Après les décès de M et Mme de Vienne, le partage de leur héritage entre leurs quatre enfants et la répartition entre ceux-ci (en 1880), la propriété de Frocourt revient à Mme Pauline Sophie de Bizemont, alors épouse de M. Charles de Bizemont.

La ferme est exploitée en fermage et les recensements de population, effectifs à partir de 1876, nous apprennent que jusqu'en 1911, le fermier est Henri Choné (né en 1852 à Arracourt 54) et son épouse est Victorine Malnoy (née en1855 à Athienville 54). D'après les mêmes recensements, il emploie 4 à 5 ouvriers originaires de la région.



Au XXème siècle

C'est donc Mme de Bizemont qui vend à M. Nicolas Hippolyte Thiry, le 15 mai 1900,
Extrait de l'acte de vente:
"l'immeuble dont la désignation suit :
1° Bâtiments d'habitation et d'exploitation, cours, jardins, vignes, chenevières, terres labourables, prés, paquis et friches d'une contenance d'environ quatre vingt quinze hectares.
2° Un Maison de maître contiguë à la ferme, avec jardin de trente ares clos de murs.
3° Et un bois de six hectares, clos de haies vives et de fossés."


J'ai aussi découvert grâce à Gallica une collection de documents intitulés "pages de guerre écrites au jour le jour".
Dans le fascicule 147 (13-19 mai 1917), j'ai trouvé :
"Lundi 14 mai -Un petit sanctuaire, bien oublié dans les environs immédiats de Nancy et dont le beau titre redevient de pleine actualité, serait la chapelle antique de Notre Dame du Bon Succès, à la Grang- de Frocourt, entre Fléville et Houdemont, sur la route de Mirecourt.
Quand on a dépassé le Dernier Sou, on monte une côte au sommet de laquelle partent deux chemins vicinaux, l'un vers Heillecourt, l'autre vers Houdemont. Plus avant la route descend et remonte. A gauche, une belle avenue conduit à la ferme ou Grange de Frocourt, plantée à l'orée d'un joli boqueteau qui avoisine le bois de Fléville.
C'est là que doit se situer le petit oratoire de Notre Dame du Bon Succès... à moins que..."

L'auteur de ces lignes a un doute... et nous aussi : ce petit oratoire a-t-il existé à cet endroit et cette "belle avenue" a-t-elle été remplacée par le sentier prolongé par l'allée des marronniers qui menait à l'entrée de la cour... à Frocourt ?
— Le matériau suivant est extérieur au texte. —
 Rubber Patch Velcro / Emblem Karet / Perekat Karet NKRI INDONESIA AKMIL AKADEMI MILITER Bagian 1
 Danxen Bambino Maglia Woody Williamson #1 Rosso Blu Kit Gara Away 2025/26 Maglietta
Entre 1911 et 1920, il n'y a pas eu de recensement et lors de celui de 1920, c'est Marie-Lucie Leclerc (née en 1870 à Bénaménil 54) qui est devenue la fermière. Ses fils lui succèdent (Adrien d'après le recensement de 1926, Jules d'après celui de 1931). Ils emploient 3 à 4 ouvriers...



La famille Thiry s'installe

1933 : un nouveau "fermier" à Frocourt. Émile Thiry vient, avec ses frères et sœurs, d'hériter de la ferme après le décès de son père Louis-Nicolas (lui-même fils de Nicolas-Hippolyte Thiry). Il y arrive avec son épouse Simone née Bretagne.
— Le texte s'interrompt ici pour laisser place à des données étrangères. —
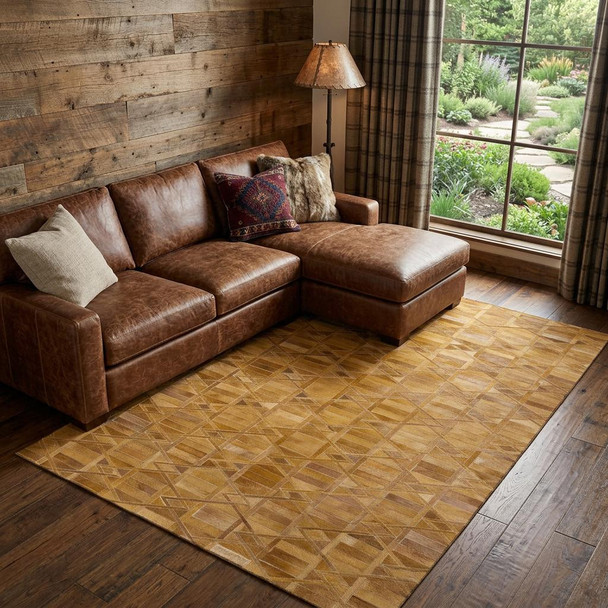 8' X 10' Brown Beige And Gold Geometric Washable Area Rug With UV Protection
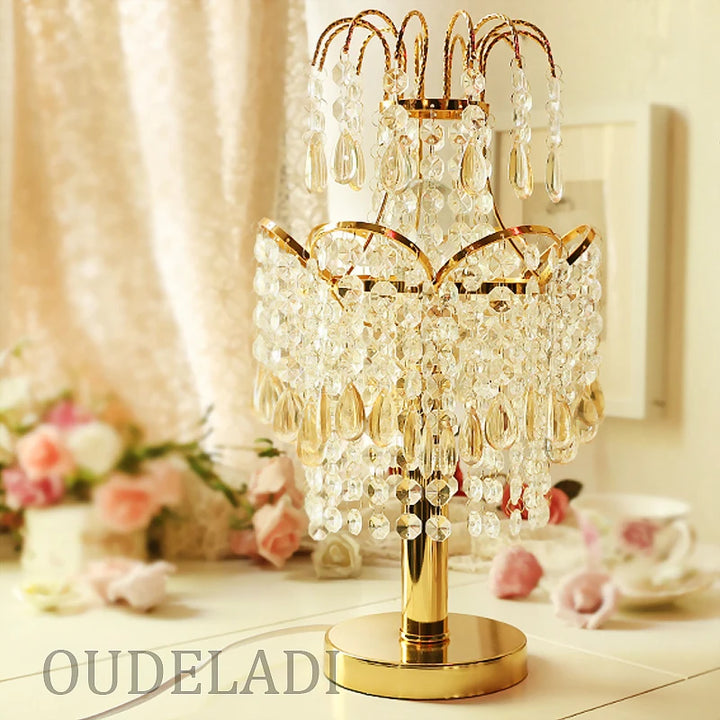 Luxury Crystal Table Lamps Creative Living Room Warm Princess Room Bedroom BedsideLight Fixtures Home Decor Wedding Lamps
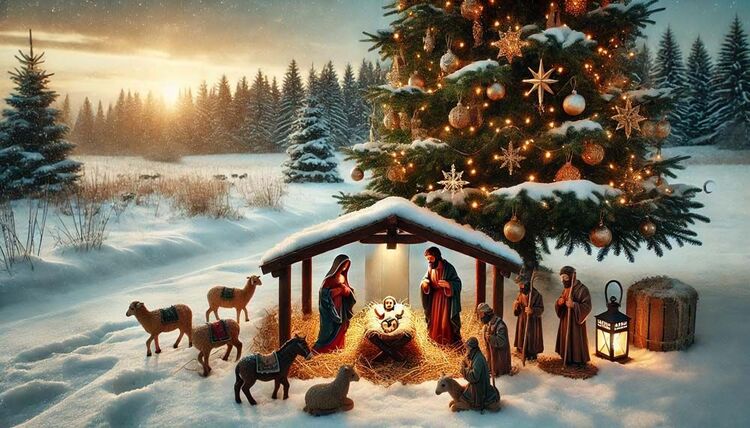 Backgound Giáng Sinh chủ đề về chúa Giêsu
Le recensement de 1936 (le dernier) semble montrer un développement de la ferme : il y a alors 6 ouvriers (dont un ménage avec un enfant né en 1930), tous polonais... C'est alors une ferme d'élevage et de polyculture.
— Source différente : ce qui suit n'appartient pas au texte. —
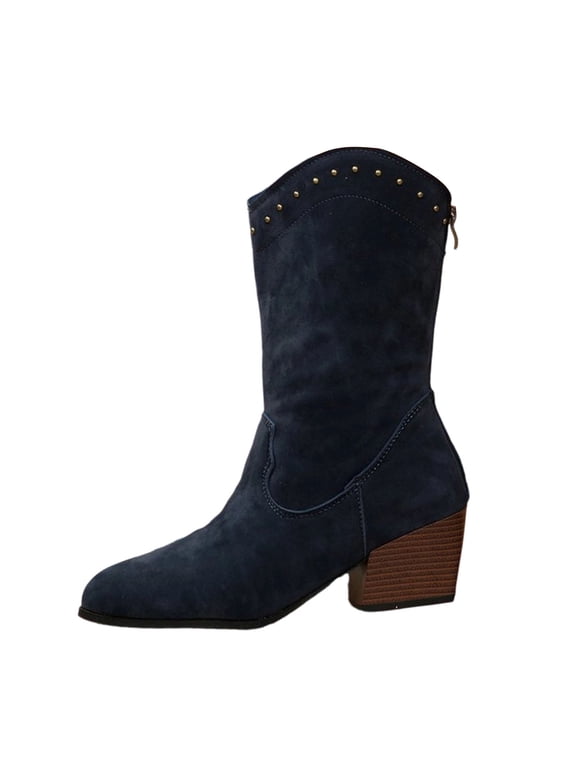 Mid-Calf Ladies Boots Wide Width Blue Western Cowboy Kitten Heel Pointed Toe Boots Woman Shoes 41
Puis il y eut la guerre, la terre de Frocourt était difficile, Émile tenta une reconversion de l'élevage à l'arboriculture (personne n'a compté le nombre d'arbres fruitiers plantés dans les années 1940 et surtout 1950). Les polonais sont partis, une famille venue de Ludres les remplace, puis une famille espagnole...
Au début des années 50, la surface cultivable est fortement réduite et les arbres fruitiers en occupent la plus grande part : cette surface passe de 100 hectares environ à un peu plus de 30 hectares.



Photo aérienne 1950-1965 (Géoportail)



Fin de l'histoire

Le 4 juin 1975, par un acte "pardevant" Me AERTS, notaire à Nancy,"… l'Etablissement Public Foncier de la Métropole Lorraine (EPML) … expose : en vue de permettre la mise en œuvre de l'aménagement du schéma de secteur de la zone sud de Nancy… l'Etablissement Public Foncier de la Métropole Lorraine a été chargé d'acquérir l'ensemble de la ferme de Frocourt…"
Comme il était prévu dans l'acte de vente, l'ensemble des bâtiments a été démoli, des éléments d'une zone commerciales ont été bâtis et le lieu est devenu la ZAD de Frocourt.



Photo satellite 2017 (Géoportail)



Il est vrai que Emile et Simone Thiry avaient fait d'autres choix, la réussite de leur nombreuse famille prouve assez la pertinence de ces choix-là, mais ceci est une autre histoire… qui dépasse celle de Frocourt!!